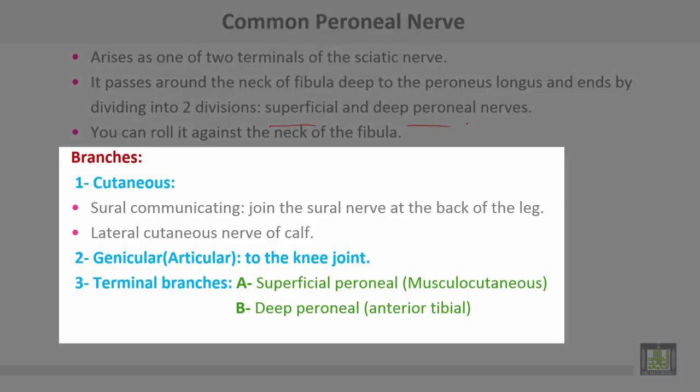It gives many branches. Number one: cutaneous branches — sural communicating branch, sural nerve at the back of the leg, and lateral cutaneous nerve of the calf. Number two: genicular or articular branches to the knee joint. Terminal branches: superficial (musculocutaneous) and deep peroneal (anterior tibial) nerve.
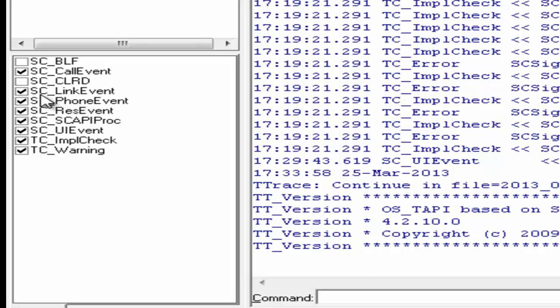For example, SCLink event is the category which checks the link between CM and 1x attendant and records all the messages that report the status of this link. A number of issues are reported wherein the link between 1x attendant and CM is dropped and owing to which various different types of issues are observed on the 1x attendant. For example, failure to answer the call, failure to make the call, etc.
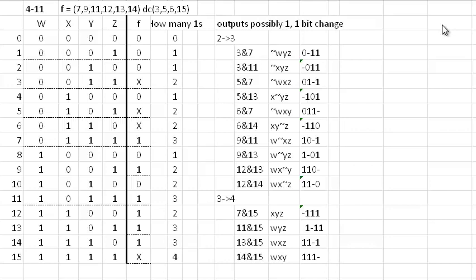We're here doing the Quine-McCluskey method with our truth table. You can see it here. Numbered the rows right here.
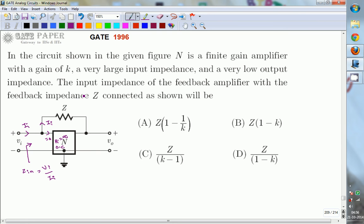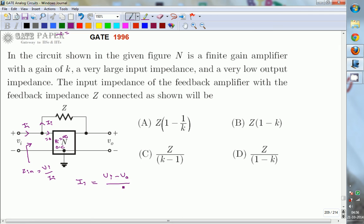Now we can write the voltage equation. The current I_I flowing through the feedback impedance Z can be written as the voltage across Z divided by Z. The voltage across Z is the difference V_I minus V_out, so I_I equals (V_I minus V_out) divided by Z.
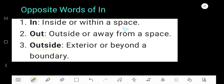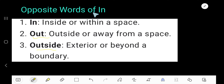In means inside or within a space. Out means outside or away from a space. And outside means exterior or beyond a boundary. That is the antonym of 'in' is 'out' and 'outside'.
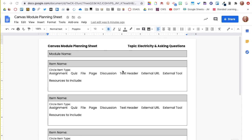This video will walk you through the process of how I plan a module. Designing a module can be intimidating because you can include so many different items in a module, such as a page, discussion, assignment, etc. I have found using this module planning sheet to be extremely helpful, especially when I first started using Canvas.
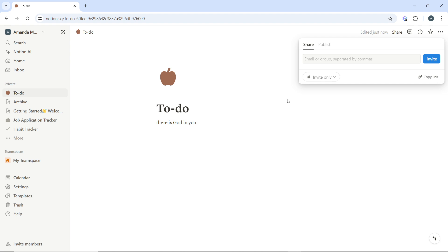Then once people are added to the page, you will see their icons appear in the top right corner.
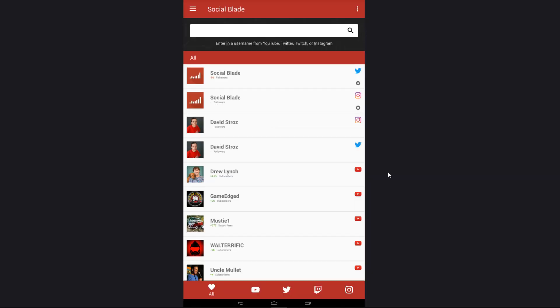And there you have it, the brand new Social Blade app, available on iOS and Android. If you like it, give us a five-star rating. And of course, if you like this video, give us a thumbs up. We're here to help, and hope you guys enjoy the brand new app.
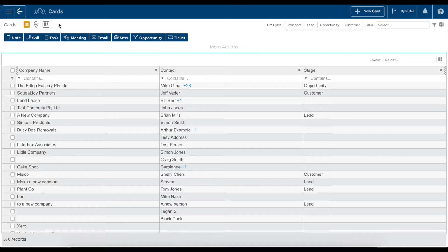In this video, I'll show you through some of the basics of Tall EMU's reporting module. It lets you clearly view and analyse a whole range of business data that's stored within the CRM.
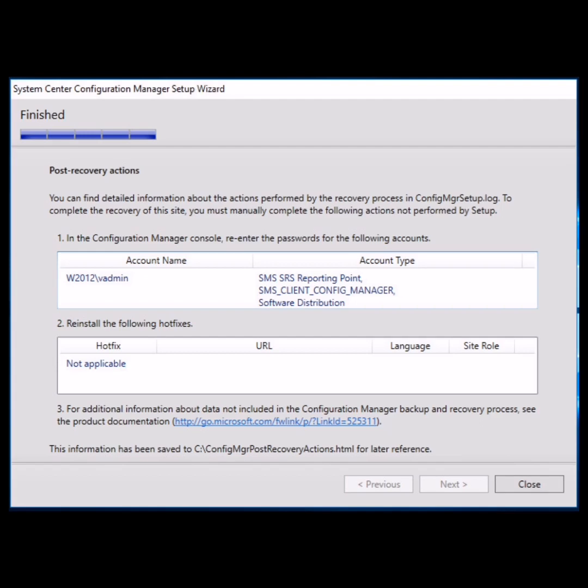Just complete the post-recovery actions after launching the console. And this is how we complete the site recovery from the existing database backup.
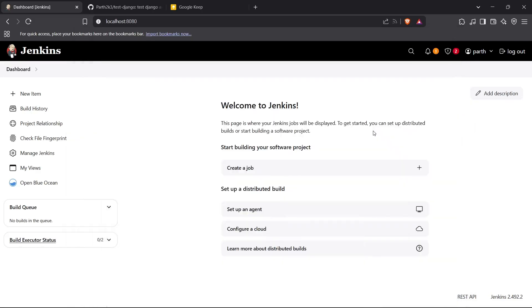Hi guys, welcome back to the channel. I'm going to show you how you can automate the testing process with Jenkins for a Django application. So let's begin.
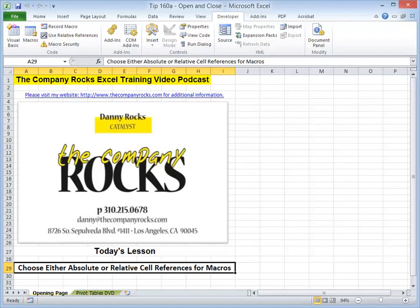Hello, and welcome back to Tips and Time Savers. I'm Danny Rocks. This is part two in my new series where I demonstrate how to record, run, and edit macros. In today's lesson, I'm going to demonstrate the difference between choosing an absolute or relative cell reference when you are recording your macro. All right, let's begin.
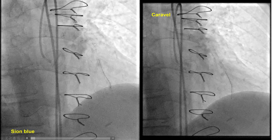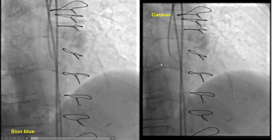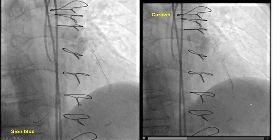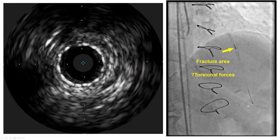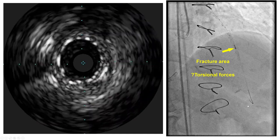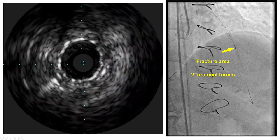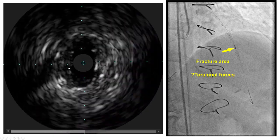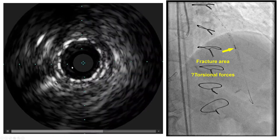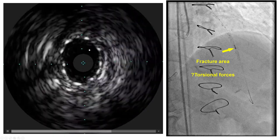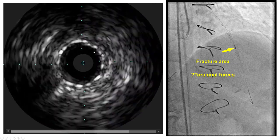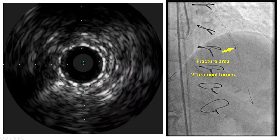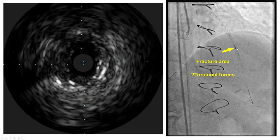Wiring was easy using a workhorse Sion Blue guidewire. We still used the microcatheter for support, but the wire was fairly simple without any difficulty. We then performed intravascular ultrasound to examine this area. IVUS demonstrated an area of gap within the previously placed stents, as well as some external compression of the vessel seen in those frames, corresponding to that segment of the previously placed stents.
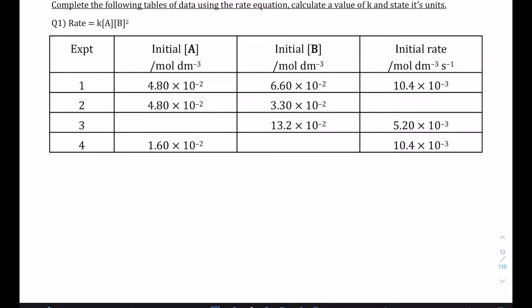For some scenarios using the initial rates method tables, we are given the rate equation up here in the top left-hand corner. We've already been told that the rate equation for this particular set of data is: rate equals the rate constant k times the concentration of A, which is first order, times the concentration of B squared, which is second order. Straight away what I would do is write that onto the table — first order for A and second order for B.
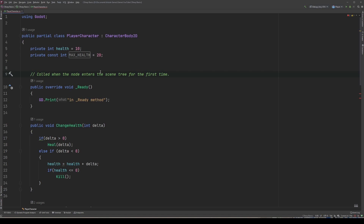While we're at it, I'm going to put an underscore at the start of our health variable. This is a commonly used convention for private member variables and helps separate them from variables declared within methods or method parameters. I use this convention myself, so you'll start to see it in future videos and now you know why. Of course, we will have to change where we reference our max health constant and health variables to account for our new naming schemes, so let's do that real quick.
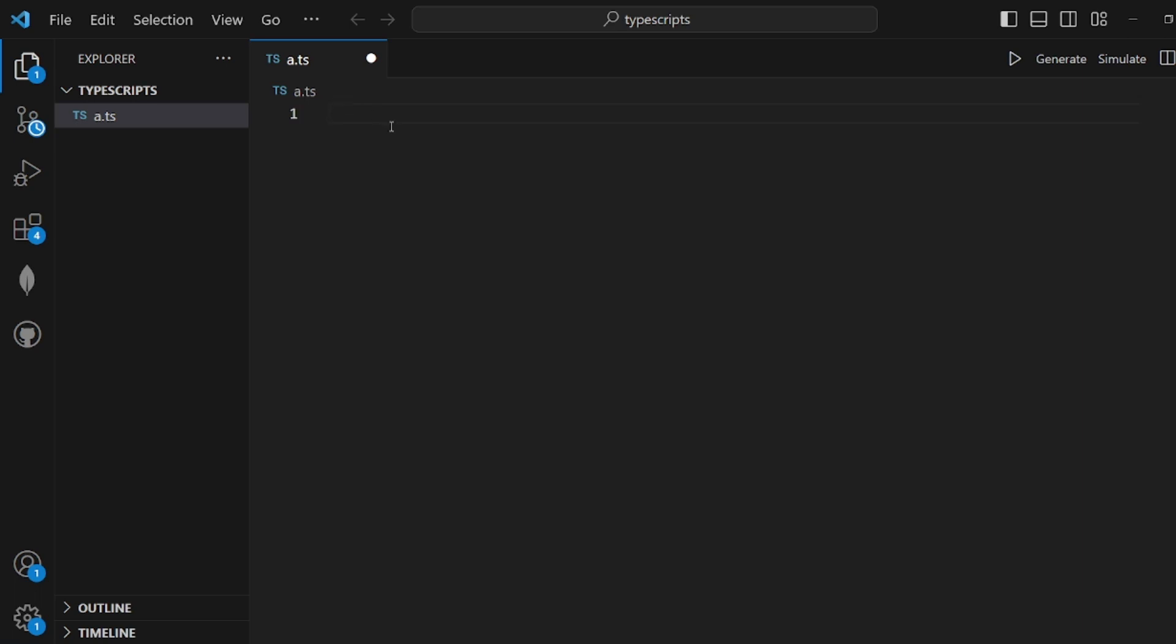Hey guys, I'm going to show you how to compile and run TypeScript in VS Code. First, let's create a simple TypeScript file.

* [EXERCISE DIRECTIONS]
No picture is to be printed. Output exactly the lines above from the line containing "We're here doing" through the line containing "Then once people".

* [YOUR RESPONSE]
We're here doing the Quine-McCluskey method with our truth table. You can see it here. Numbered the rows right here.
Now we can write the voltage equation. The current I_I flowing through the feedback impedance Z can be written as the voltage across Z divided by Z. The voltage across Z is the difference V_I minus V_out, so I_I equals (V_I minus V_out) divided by Z.
In means inside or within a space. Out means outside or away from a space. And outside means exterior or beyond a boundary. That is the antonym of 'in' is 'out' and 'outside'.
This video will walk you through the process of how I plan a module. Designing a module can be intimidating because you can include so many different items in a module, such as a page, discussion, assignment, etc. I have found using this module planning sheet to be extremely helpful, especially when I first started using Canvas.
Then once people are added to the page, you will see their icons appear in the top right corner.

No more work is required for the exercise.